Input material
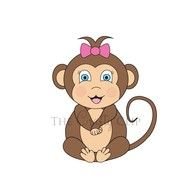 Girl Monkey Baby Tree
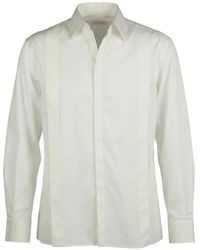 Valentino Garavani - Long-Sleeved Tuxedo Shirt - Lyst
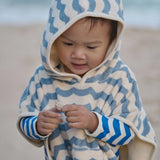 Nature Baby - Poncho Towel - Waves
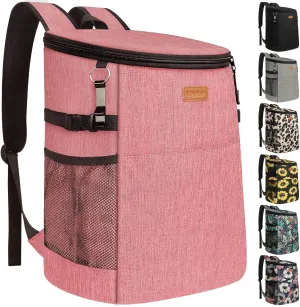 Camping Cooler Backpack 30 Cans, Soft Backpack Coolers Insulated Leak Proof Travel Cooler Bag Waterproof Lunch Picnic Beach Work Trip Thermal Bag Drink Beverage Beer Bag Cooler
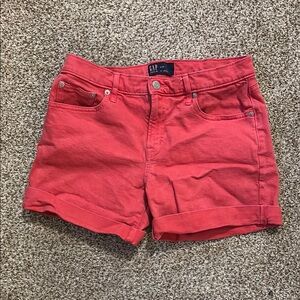 GAP Red Denim Shorts 6/28 5” inseam EUC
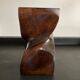 Scandinavian wooden candle holder from the 60s and 70s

Exercise
Please copy the lines above, starting at the one that holds "GAP Red Denim" and stopping after the last line, exactly as they appear and minus the pictures.

Answer
 GAP Red Denim Shorts 6/28 5” inseam EUC
 Scandinavian wooden candle holder from the 60s and 70s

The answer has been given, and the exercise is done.